Department of Anatomy and Histology, Faculty of Veterinary Medicine, Assiut University, Assiut71526, Egypt.
Microsc Microanal. 2020 Jun;26(3):599-608. doi: 10.1017/S1431927620001567.
The present study describes in detail the morphological characteristics of the process of ovarian follicular atresia in Redbelly tilapia (Coptodon zillii) during the nonbreeding season using light and electron microscopy and immunohistochemistry. The follicular regression process was initiated with shrinkage and disintegration of the nuclear membrane of oocytes resulting in dispersing of chromatin within the ooplasm, followed by marked hyperplasia and hypertrophy of follicular and granulosa cells, which exhibited a strong phagocytic activity to engulf the liquefied yolk particles. Rodlet cells and granulocytes were recorded on the follicular wall and invaded the regressed follicles. Rodlet cells expressed a strong immunoreactivity to matrix metalloperoxidase (MMP-9) and α-smooth muscle actin, while neutrophils expressed a strong reactivity to Myeloperoxidase-3 (MPO). In the advanced stage of follicular atresia, the yolk was almost phagocytized and resorbed and the regressed follicle lost its integrity and appeared to be formed of a cellular mass of phagocytic cells. Transmission electron microscopy revealed the presence of neutrophils, eosinophils, and dendritic cells within the atretic follicle in between these phagocytic cells. Moreover, numerous lysosomes, granules, and phagosomes were observed within the cytoplasm of both phagocytic cells and granulocytes. Telocytes were also demonstrated within the highly thickened richly vascularized theca layer during the late stages of follicular atresia. Immunohistochemical staining for caspase-3 established the participation of apoptosis in the advanced stages of follicular regression. Immune cells, rodlet cells, and telocytes in combination with follicular cells play an essential role in follicular atresia. In conclusion, the present study provides a new evidence on the role of both somatic and immune cells in the phenomenon of ovarian follicular atresia in Redbelly tilapia (Coptodon zillii) during the nonbreeding season.

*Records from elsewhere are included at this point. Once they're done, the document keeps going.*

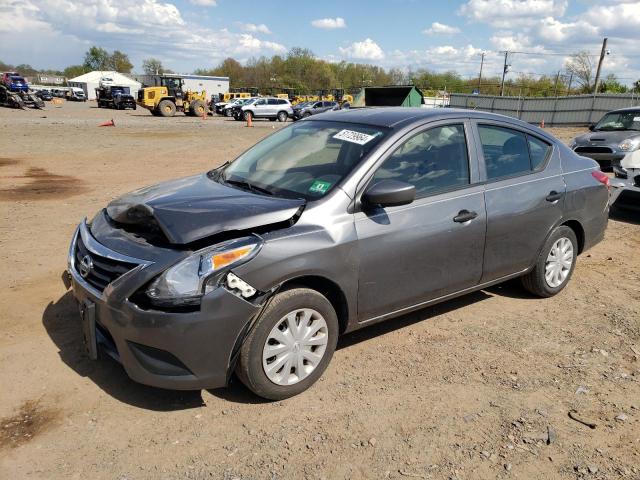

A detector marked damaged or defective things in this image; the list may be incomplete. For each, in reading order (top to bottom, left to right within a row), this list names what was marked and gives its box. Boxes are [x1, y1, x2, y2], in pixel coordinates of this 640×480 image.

crumpled hood [105, 173, 304, 246]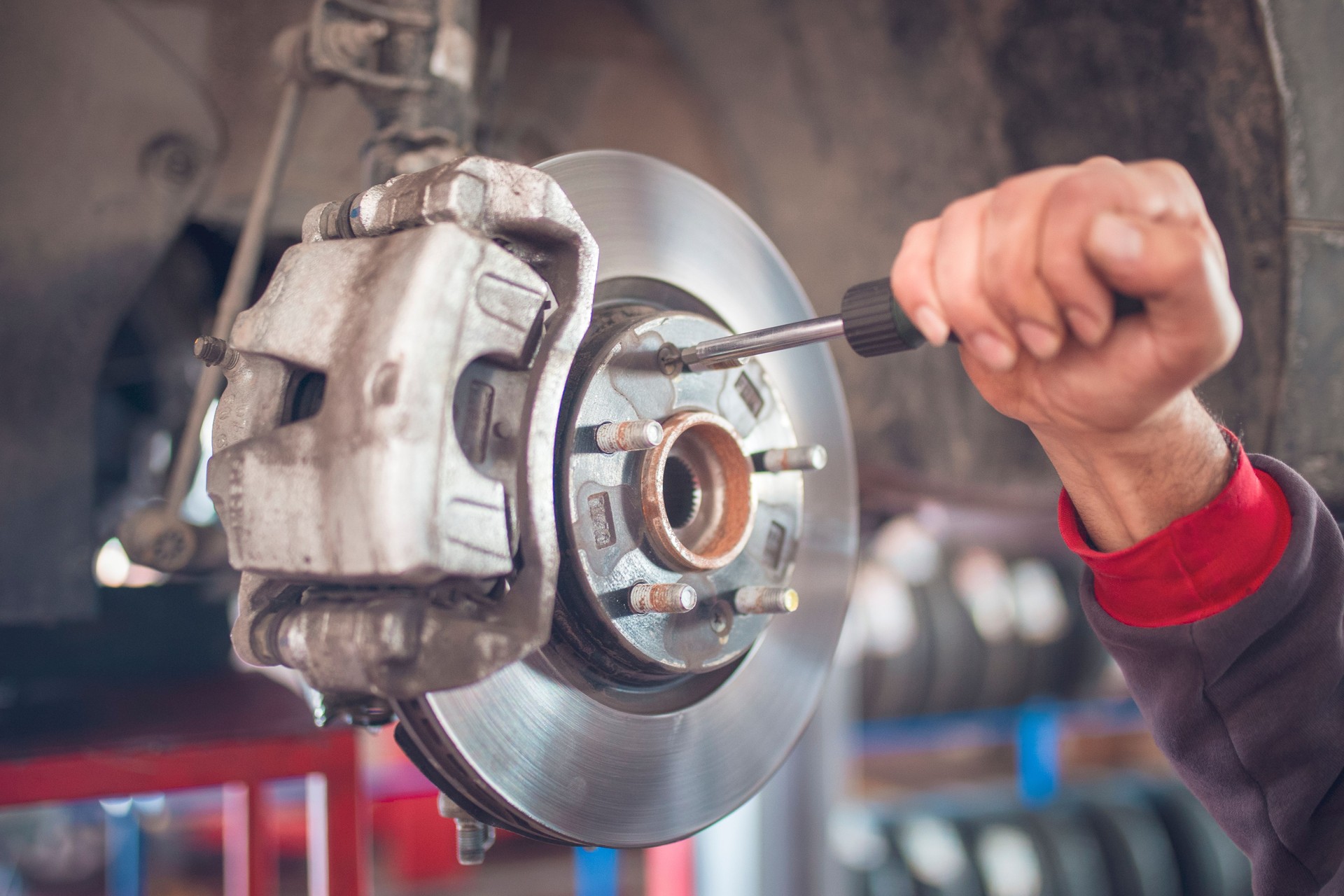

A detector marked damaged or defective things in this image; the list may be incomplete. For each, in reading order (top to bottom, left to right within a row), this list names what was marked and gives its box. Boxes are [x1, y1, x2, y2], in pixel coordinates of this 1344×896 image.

rusty lug stud [596, 416, 664, 451]
rusty lug stud [752, 446, 822, 472]
rusty lug stud [626, 582, 699, 617]
rusty lug stud [736, 585, 795, 612]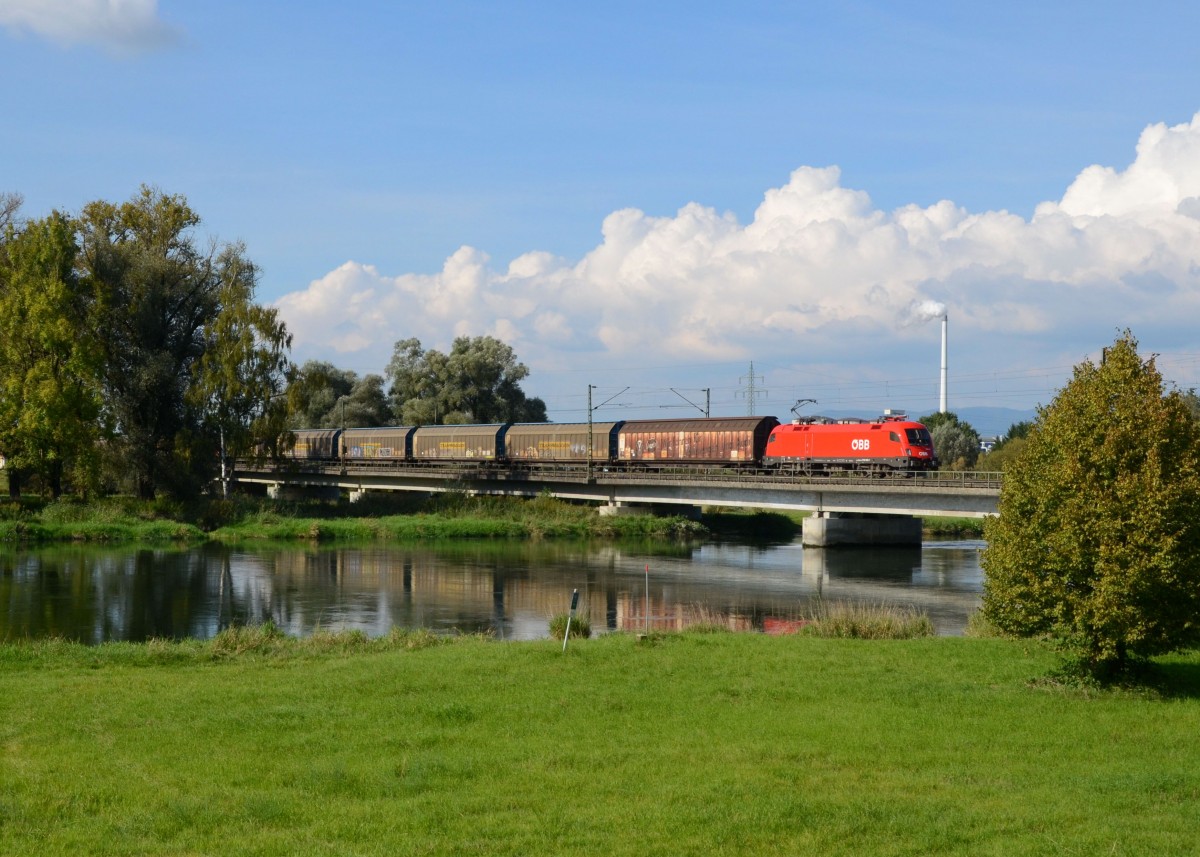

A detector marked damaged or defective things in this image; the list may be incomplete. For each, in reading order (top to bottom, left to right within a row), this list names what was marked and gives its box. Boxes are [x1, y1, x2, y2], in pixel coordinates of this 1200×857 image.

rusty freight wagon [338, 422, 417, 458]
rusty freight wagon [412, 422, 506, 460]
rusty freight wagon [504, 420, 624, 460]
rusty freight wagon [619, 415, 777, 463]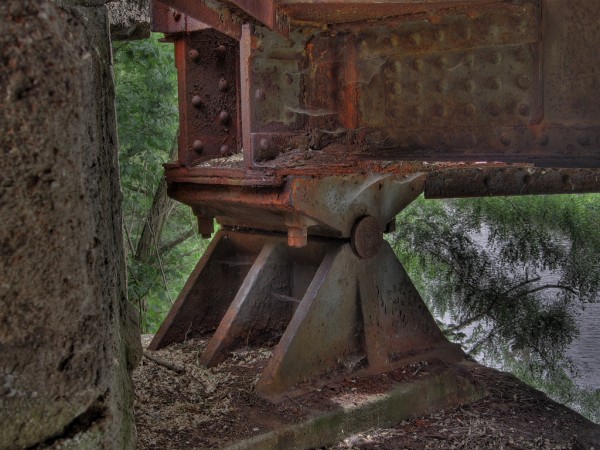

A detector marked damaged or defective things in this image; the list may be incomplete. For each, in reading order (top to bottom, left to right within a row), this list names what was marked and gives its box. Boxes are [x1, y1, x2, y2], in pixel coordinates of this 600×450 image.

rusted steel beam [424, 167, 600, 199]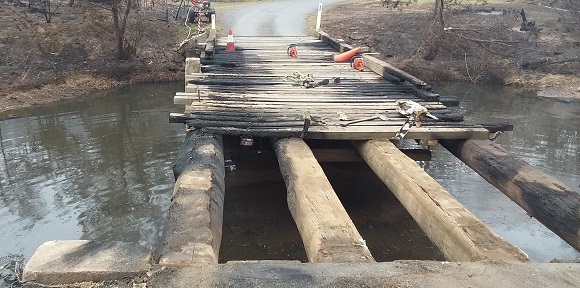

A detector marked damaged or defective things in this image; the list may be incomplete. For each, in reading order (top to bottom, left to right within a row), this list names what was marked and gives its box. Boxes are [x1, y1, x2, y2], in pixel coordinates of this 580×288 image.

burnt deck timber [171, 35, 508, 141]
damaged bridge deck [171, 36, 508, 140]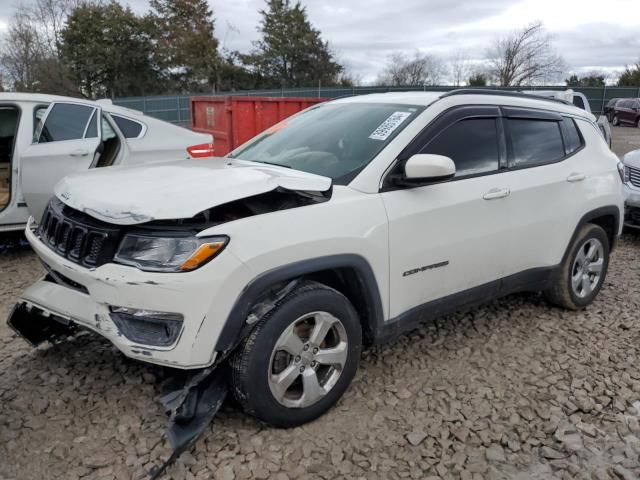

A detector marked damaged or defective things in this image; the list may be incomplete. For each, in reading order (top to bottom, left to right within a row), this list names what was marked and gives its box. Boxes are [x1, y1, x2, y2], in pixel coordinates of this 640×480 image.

crumpled hood [55, 158, 332, 225]
crumpled hood [624, 151, 640, 172]
detached front bumper [10, 219, 250, 370]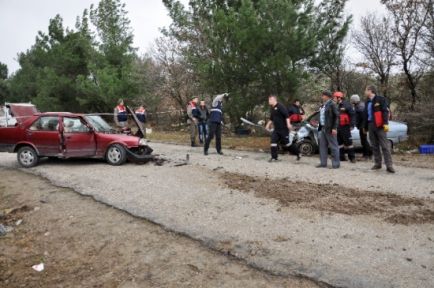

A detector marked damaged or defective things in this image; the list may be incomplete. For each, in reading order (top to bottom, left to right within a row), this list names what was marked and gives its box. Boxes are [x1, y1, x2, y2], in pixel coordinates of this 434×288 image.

本研究采用光镜和电镜结合免疫组织化学技术,详细描述了非繁殖季节红腹罗非鱼(Coptodon zillii)卵巢卵泡闭锁的形态学特征。卵泡退化过程始于卵母细胞核膜的收缩和崩解,导致染色质在卵质内弥散,随后滤泡和颗粒细胞明显增生和肥大,表现出强烈的吞噬活性,吞噬液化的卵黄颗粒。发现有杆状细胞和嗜中性粒细胞在滤泡壁上,并侵入退化的卵泡。杆状细胞对基质金属蛋白酶 9(MMP-9)和α-平滑肌肌动蛋白表达强烈的免疫反应性,而嗜中性粒细胞对髓过氧化物酶-3(MPO)表达强烈的反应性。在卵泡闭锁的晚期阶段,卵黄几乎被吞噬和吸收,退化的卵泡失去完整性,似乎由吞噬细胞的细胞团形成。透射电镜显示,在这些吞噬细胞之间,退化的卵泡内存在嗜中性粒细胞、嗜酸性粒细胞和树突状细胞。此外,在吞噬细胞和嗜中性粒细胞的细胞质内观察到大量溶酶体、颗粒和吞噬体。在卵泡闭锁的晚期阶段,还在高度增厚的富含血管的外膜层内显示出长伸细胞。Caspase-3 的免疫组织化学染色确立了细胞凋亡在卵泡退化的晚期阶段的参与。免疫细胞、杆状细胞和长伸细胞与滤泡细胞一起在卵泡闭锁中发挥重要作用。总之,本研究为非繁殖季节红腹罗非鱼(Coptodon zillii)卵巢卵泡闭锁过程中体细胞和免疫细胞的作用提供了新的证据。